见完之后,回来之后,我在电话里面跟他们明说。
到时候,他们那里需要我去面对什么,我就去面对什么,你站得远远的,千万别伤害到你。”
伤害与不伤害的先不说,这话说得正经么?
左楠秋听完此话,就似担心不已地问出来了一句:“你的爸爸妈妈,知道了我们两个人的事情之后,他们会动手打你吗?”
“不会。”
回完那一句不会,池天苇接着又说:“我自己的爸爸妈妈,我自己最为了解。
他们不会动手打我的,他们最多会动嘴说我几句。
说归说,估计说得也不会太狠。
你也不想想,我们现在的年龄都多大了,已经不是小孩子了,他们怎么可能还会像是我们小时候那样来对待我们?不可能。
我觉得,他们对于我现在最大的担忧,也不是怕我和一个女孩子在一起。
而是,怕我会给他们丢人、丢面子。
另外,他们就只有我这么一个孩子,他们就是再怎么样的想要为难我,那还能够为难多狠?”
可不么,大多数的父母都是这么样想的吧?
左楠秋再听完此话,静默了一时片刻。
片刻过后,柔柔地回道:“我需要、我能够做些什么?”
“你什么也不用做,你就只用扮演好,你是我的一位好朋友就行。
因为,我前两天在给他们打电话的时候,我跟他们说得就是,我要带着我的一位好朋友,去我们老家那里陪他们过节。
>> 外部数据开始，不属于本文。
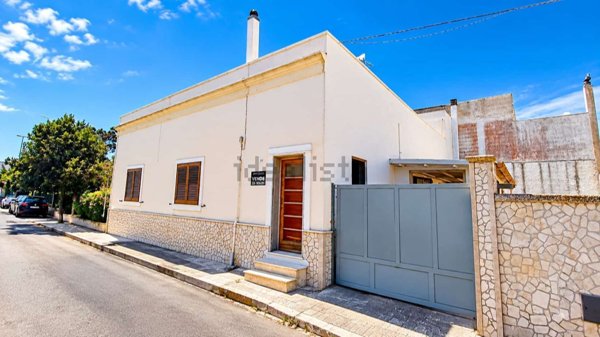 casa indipendente in vendita ad Uggiano la Chiesa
”
前两天?
这会儿才跟自己说?
左楠秋又听完此话,张了又张自己的那一张红唇。
张到最后,最终就只是又柔柔地回出来了一句:“我知道了,池天苇。”
“那,我们睡吧?”
“好。”
元旦当天,小雪不断。
天气预报上面的信息更是显示着,B市白天的气温是零下十几度,夜晚是零下二十多度。
整座城市之中,更更到处都堆积着厚厚的白雪。
站立在窗口,远远望去,那又是一种另外的美丽与魅力。
一大早,池天苇和左楠秋那两个人便从床上走了下来。
洗漱过后,换好衣服。
左楠秋也便伫立在了,卧室里面那一排巨大的落地窗前。
一边享受着室内暖洋洋的暖气,一边看来看去地看着,小区里面和小区外面那一副副冰天雪地的景色。
与此同时,池天苇顿立在卧室里面的那一排衣柜跟前,收拾来收拾去地收拾着一只简易的行李包。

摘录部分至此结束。